Friday, September 10, 2004

I woke up really early today and to think, I could hardly sleep at all last night. The effects of having too much caffeine in my system is probably setting in or perhaps this is what I get for thinking too much. My "blabbering" mind is constantly on a roll. What can I say, my special mind has the gift of gab (no pun intended!). So here I am finally joining the bandwagon. I am now officially getting a blog and actually writing my very first post (while watching a live feed of the Men's U.S. Open, which by the way is turning out to be a good game). I have been wanting to get a blog ever since but never found the time and never was in the mood to do so. Clearly though some things do change. As obvious as the sun shining (sorry! I couldn't come up with a better comparison), I am in "the mood" today. Something must have dawned on me last night. I could'nt quite figure it out yet but it has to be something good because I am actually finally writing my (and very much delayed) first post.

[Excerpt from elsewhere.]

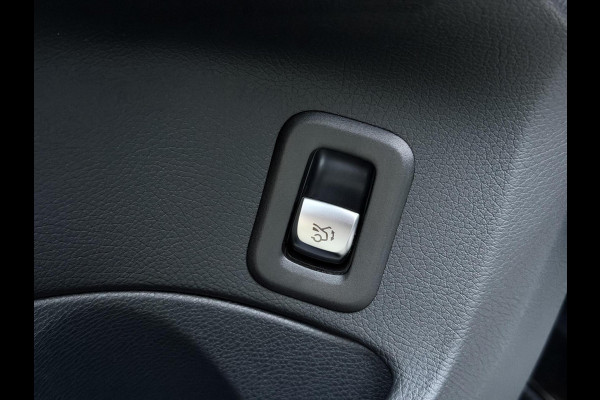 Mercedes-Benz C-Klasse Estate 180 AMG Automaat | Panorama | Leer | LED matrix | Sfeerverlichting | Apple CarPlay | 360°-camera | Night Pakket | DAB ont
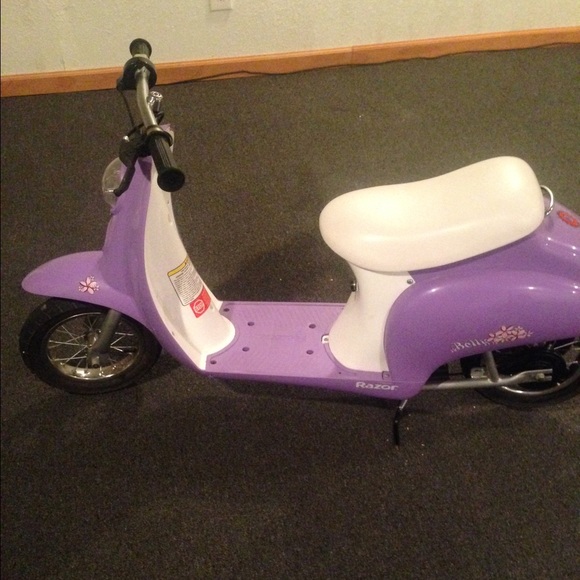 Scooter - Picture 2 of 3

It has been ages since my last journal entry. Blame it on stress, fatigue or laziness. You see, the Hello Kitty diary that I own since grade school is not even halfway through so I am hoping that this time around, (*Ahem! Ahem!*) being all matured, grown up and wiser, I will have the initiative to post regularly and write about, as I would like to think, my life's greatest and shining moments - the summation of the good and bad experiences, achievements and bloopers alike. And now that I have more idle time on hand, I can blab all I want. To make things clear, this blog has no other purpose other than to help put things in perspective for me. In this way, my thoughts will no longer be as disoriented and disorganized as it is now (I hope!). More importantly, this blog will enable me to let everything out of my system. You know, pouring my heart out and throwing it all out here isn't such a bad idea after all. In fact, this can actually be a good thing. Really, I mean something good can actually come out of this, don't you think? To put it simply, this is my way of healing and rejuvenating myself from the hustles and bustles of the daily grind. Therapeutic writing as I would like to put it.